Excerpted data:
____

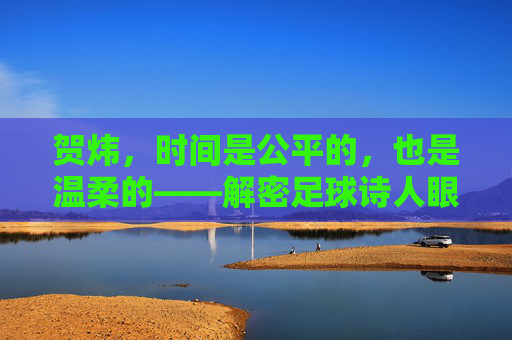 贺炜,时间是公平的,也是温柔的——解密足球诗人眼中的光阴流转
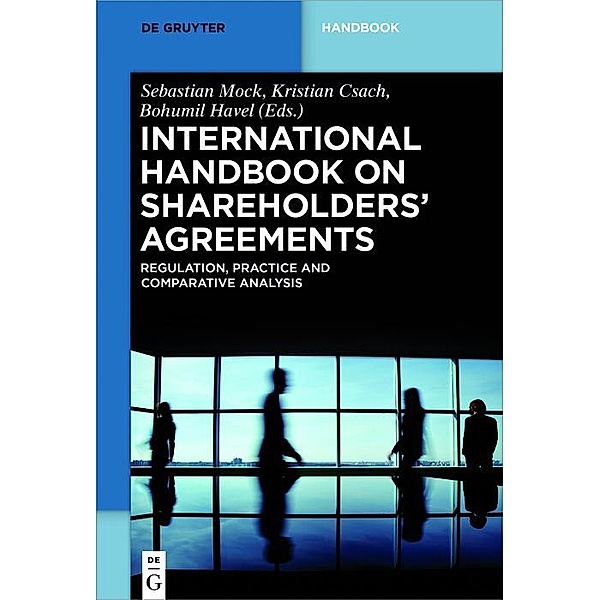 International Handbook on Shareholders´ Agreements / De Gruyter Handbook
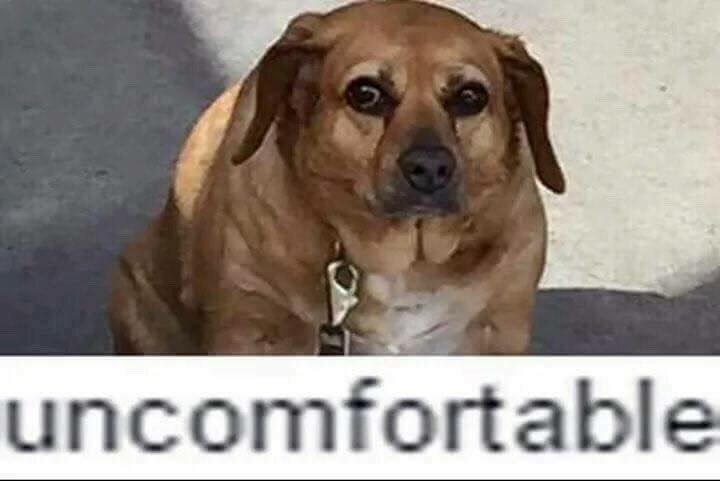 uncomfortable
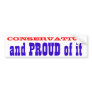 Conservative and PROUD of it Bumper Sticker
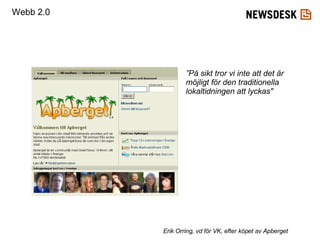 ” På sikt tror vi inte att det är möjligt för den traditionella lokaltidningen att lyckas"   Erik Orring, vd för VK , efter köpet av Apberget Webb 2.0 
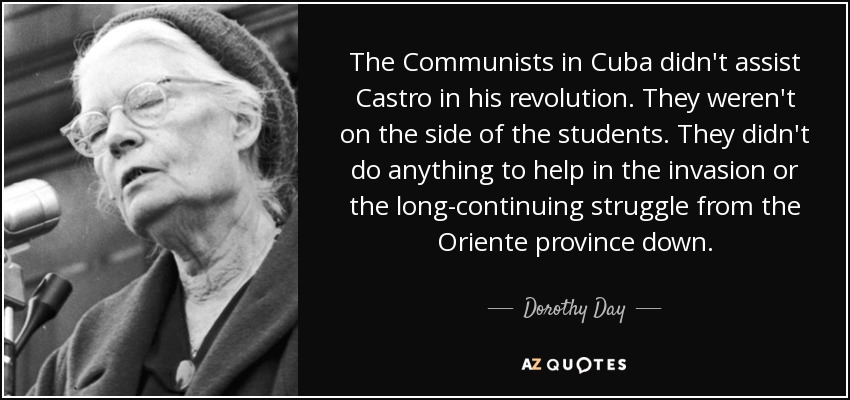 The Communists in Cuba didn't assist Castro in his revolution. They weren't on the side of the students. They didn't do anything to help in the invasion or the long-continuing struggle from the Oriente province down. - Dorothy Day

____

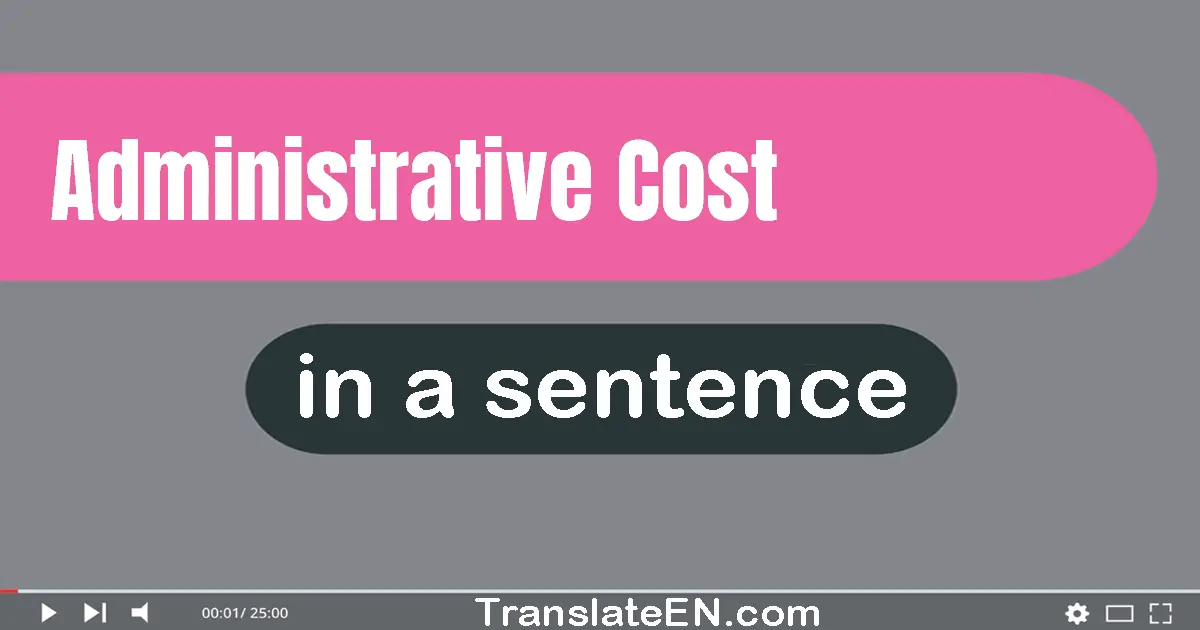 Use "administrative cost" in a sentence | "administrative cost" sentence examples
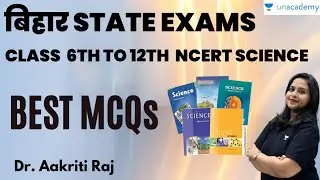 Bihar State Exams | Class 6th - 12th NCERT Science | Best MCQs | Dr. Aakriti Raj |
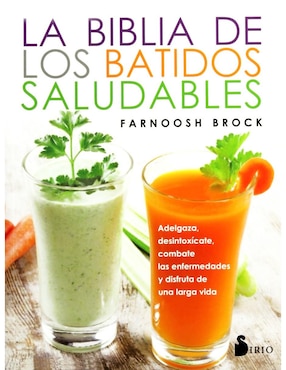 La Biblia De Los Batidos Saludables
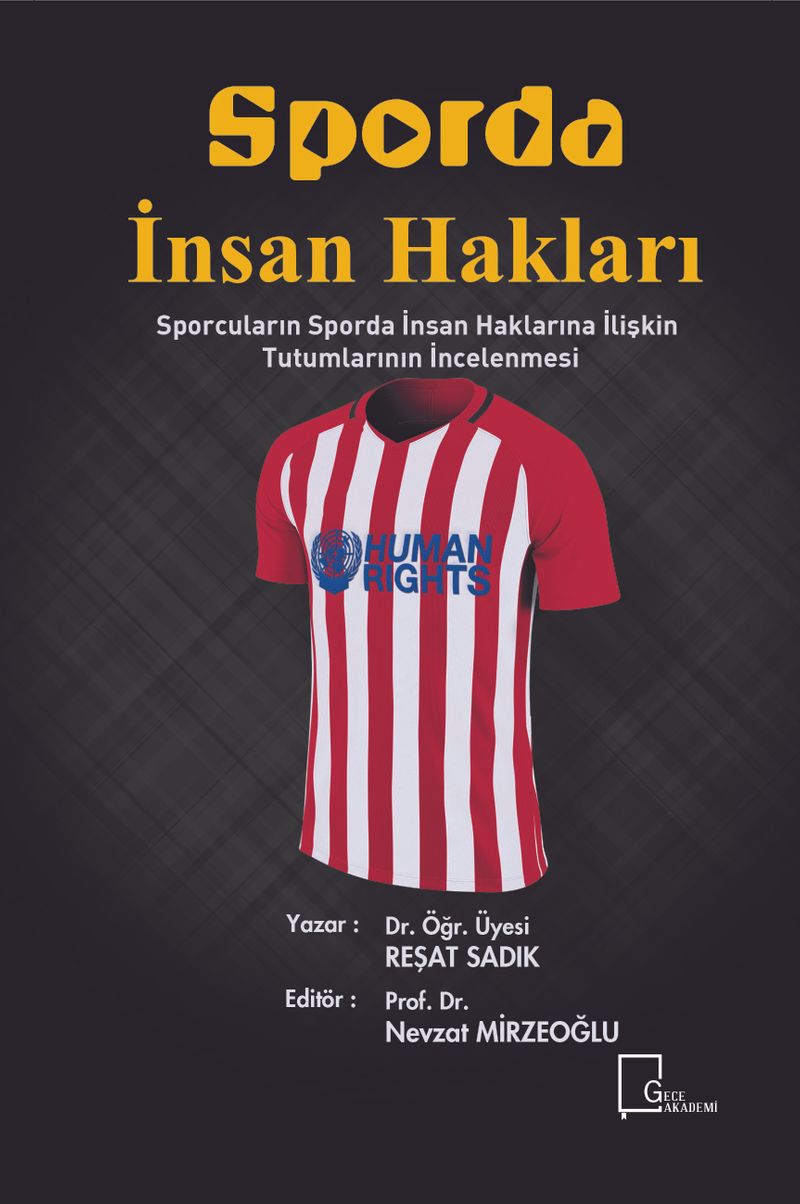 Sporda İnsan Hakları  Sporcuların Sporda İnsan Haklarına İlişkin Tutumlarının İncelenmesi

____

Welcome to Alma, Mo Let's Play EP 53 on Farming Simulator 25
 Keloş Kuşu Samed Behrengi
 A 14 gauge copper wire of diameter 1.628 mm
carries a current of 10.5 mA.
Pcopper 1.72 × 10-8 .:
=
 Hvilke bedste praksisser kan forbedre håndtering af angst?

____

Exercise goal: In the data above, find the line with "贺炜,时间是公平的,也是温柔的——解密足球诗人眼中的光阴流转" and the line with "Apberget Webb 2.0". Please copy exactly those two lines and every line between them, but not the pictures.

Exercise output:
 贺炜,时间是公平的,也是温柔的——解密足球诗人眼中的光阴流转
 International Handbook on Shareholders´ Agreements / De Gruyter Handbook
 uncomfortable
 Conservative and PROUD of it Bumper Sticker
 ” På sikt tror vi inte att det är möjligt för den traditionella lokaltidningen att lyckas"   Erik Orring, vd för VK , efter köpet av Apberget Webb 2.0 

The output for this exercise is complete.